When I was talking with Dick Ruzzin about changes we could make to our Mangusta (we originally planned to race it, but now have come to our senses and restoring as road car!) he was emphatic about the benefit of changes he made to the rear bridge that holds the ZF trans.  Basically the bridge was originally soft mounted via bushes to each side rail and the ZF is then solidly mounted.  This is round the wrong way.  So he decided to solidly mount the bridge and soft mount the trans.

Dick told me he could feel difference in a few hundred yards of driving the car. The bridge is removable to take the engine out.
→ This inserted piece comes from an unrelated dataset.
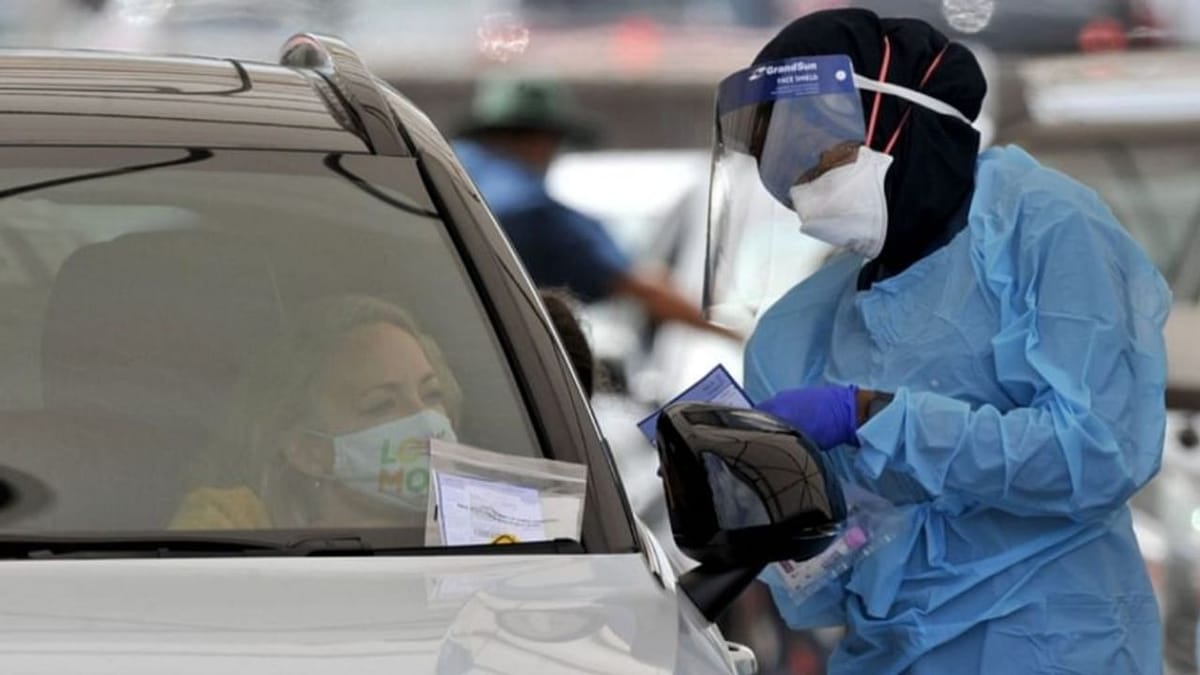 Omicron Variant : ઓસ્ટ્રેલિયામાં ઓમિક્રોન મચાવી રહ્યું છે તબાહી, ન્યૂ સાઉથ વેલ્સમાં વેરિઅન્ટથી પ્રથમ મોત થતા નિયમો થયા કડક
He wrote an article on it which I will try and dig out but he definitely felt that the comments  the Mangusta received when released were down to this fundamental design flaw.  Combine that stiffness with the double Heim / Rose joint on the arms would improve everything while keeping the suspension settings constant.  When we did race our car for a short period of time (before we had a chance to do the mods, it was VERY lively at the back and often jin sideways over bumps under braking as you came on and off the power - very unpredictable!



hope that helps

Dick sent me an article but it's also published here (with comments / feedback from others).  

I can't seem to paste the weblink, but if you search the Forum for Mangusta Handling Mystery by Dick it's all there including photos.  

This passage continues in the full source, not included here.